Triple Vibratory Controls

ET15 ET12

G-Series Controls

G-Series

Level Master

Level Master

BASE UNIT TORQUE REQUIREMENTS
	Clamp Nut Bolts		Spring Mount Bolts
Unit Size	Bolt Size	Torque	Bolt Size	Torque
LP-6	1/2-20	Wrench Tight	1/4-28	Wrench Tight
LP-9	3/8-24	"	1/2-20	80 Ft. Lbs.
LP-12	"	50 Ft. Lbs.	5/8-18	165 Ft. Lbs
LP-15	"	"	"	"
LP-18	5/8-18	165 Ft. Lbs.	7/8-14	351 Ft. Lbs.
LP-22	"	"	"	"
LP-28	"	"	"	"
LP-36	"	"	"	"
Use a minimum of a Class '5' hex head bolt. Torque settings use a socket on a breakaway type torque wrench.

BASIC BOWL

An untooled bowl consists of a vertical band and a domed bottom with either an external helical track or an internal helical track. The internal track can also be inverted.

ANGLE SKIRT

A conic section, calculated to fit at the required angle, attached between the bottom side of the track and the bowl wall to prevent parts from stacking and causing jams between the tracks.

VIBRATORY FEEDER BOWL

The vibratory feeder bowl is the basic bowl complete with internal or external tooling custom designed to meet feed rate, part orientation and other specifications as required.

ORIENTATION

The correct position of the piece part at the discharge exit as required by the assembly or placing operation.

RATE

The number of parts discharged per minute or hour, as needed to maintain production requirements.

EXTERNAL TOOLING

Any construction outside of the vertical band which separates, orients, selects, confines, or relieves pressure buildup on oriented parts.

RETURN PAN

The structure attached to the outer band for the purpose of re-circulating parts, to the inside of the bowl, that have been rejected by the orienting and selection devices.

FINAL SELECTOR

A tooled section designed specifically to segregate only those parts that are in the correct attitude.

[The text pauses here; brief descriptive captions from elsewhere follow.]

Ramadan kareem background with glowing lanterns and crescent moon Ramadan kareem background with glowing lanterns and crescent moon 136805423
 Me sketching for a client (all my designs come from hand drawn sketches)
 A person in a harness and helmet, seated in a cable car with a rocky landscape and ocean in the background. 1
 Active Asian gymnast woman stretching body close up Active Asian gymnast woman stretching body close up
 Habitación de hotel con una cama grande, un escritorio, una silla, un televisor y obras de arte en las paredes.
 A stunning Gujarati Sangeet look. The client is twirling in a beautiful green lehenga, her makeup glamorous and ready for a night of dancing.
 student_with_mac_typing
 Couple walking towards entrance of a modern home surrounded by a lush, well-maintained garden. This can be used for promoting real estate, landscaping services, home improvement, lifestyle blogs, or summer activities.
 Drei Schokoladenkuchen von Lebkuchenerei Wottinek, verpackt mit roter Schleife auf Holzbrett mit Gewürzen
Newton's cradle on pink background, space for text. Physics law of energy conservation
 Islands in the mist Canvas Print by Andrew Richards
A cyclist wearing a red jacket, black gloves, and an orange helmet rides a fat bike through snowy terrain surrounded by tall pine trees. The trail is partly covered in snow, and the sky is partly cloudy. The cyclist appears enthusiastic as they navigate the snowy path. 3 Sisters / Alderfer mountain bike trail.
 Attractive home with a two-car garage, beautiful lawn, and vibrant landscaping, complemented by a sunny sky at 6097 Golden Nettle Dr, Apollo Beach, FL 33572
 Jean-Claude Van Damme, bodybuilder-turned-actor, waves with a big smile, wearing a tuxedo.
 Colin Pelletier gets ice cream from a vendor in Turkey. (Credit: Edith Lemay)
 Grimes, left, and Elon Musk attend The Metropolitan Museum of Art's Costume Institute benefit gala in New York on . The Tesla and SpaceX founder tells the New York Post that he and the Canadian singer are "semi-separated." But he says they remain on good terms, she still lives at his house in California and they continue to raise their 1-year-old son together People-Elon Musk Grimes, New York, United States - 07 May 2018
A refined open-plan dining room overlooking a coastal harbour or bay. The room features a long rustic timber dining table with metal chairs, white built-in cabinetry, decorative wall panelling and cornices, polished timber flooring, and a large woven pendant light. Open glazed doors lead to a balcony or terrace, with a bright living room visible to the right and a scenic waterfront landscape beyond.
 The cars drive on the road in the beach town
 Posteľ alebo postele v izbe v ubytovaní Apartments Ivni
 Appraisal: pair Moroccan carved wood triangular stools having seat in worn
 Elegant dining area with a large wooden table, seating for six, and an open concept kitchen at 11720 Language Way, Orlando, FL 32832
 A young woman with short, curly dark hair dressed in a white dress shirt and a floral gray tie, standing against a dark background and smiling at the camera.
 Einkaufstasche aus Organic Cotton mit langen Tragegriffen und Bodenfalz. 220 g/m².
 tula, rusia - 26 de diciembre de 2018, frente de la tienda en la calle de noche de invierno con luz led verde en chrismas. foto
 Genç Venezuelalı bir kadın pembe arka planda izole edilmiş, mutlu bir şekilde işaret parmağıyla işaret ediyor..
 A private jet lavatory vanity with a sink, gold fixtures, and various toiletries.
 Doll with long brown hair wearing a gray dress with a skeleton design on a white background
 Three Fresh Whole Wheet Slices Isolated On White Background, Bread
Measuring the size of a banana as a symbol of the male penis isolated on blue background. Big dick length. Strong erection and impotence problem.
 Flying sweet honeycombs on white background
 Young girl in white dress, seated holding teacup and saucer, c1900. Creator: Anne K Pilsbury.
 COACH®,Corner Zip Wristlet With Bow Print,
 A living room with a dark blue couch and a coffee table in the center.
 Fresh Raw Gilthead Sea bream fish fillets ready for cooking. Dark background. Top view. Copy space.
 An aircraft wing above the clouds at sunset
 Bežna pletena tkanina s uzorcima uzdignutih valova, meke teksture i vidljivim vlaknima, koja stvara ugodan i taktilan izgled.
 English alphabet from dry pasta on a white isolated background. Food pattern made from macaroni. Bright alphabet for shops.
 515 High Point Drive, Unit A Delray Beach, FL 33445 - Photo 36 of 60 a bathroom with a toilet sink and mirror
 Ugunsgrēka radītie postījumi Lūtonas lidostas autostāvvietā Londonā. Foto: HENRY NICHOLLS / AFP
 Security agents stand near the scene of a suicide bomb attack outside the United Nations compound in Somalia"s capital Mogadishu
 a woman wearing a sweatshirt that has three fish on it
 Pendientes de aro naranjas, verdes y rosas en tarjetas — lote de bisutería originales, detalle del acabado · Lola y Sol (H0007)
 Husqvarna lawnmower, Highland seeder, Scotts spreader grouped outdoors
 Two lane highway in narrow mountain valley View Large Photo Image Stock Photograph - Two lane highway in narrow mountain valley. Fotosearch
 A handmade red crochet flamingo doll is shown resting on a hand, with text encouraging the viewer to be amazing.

ADJUSTABLE NARROW TRACK SECTION

A short section of interior track that can be set at various widths. The length depends on the size of the part. This can also be an external type. (After exit to the outside of the bowl.) This may be either a stainless or tool steel insert that can be adjusted to either orient or limit parts to a single file.

SWEEP (OR CAM)

A stainless or tool steel insert placed inside or outside the bowl to control the part level or orientation.

FLANGE MOUNT

This is a continuation of the band of the bowl to hold it to the cross arms of the base drive unit. Clamp nuts are used to attach small diameter bowls to the top member. On large diameter bowls, clamp nuts, along with a center bowl, are provided.

CORD SECTION

A straight section of either stainless or tool steel used to select or orient parts. (Can be inside or outside of the bowl.)

BAFFLE

A stainless steel deflector placed on the inside of the bowl bottom to guard the return hole thus allowing parts to flow evenly back up the track from the return pan.

AIR JET

A small diameter tube bolted or welded in place which is sometimes used to assist in moving parts. It is adjusted in the process of development to assist in orientation or final selection with the minimum amount of air pressure.

PARALLEL BLADE SECTION

An area with a stationary or adjustable gap which orients parts (bolts, screws, etc.) to a "hanging attitude"

PRE-ORIENTOR

Properly placed tooling to change the attitude of a part to the proper position for final selection. A per-orientor will generate higher feed rates and minimize re-circulation of the parts, thus extending the life of the bowl, especially with regard to metal or abrasive parts.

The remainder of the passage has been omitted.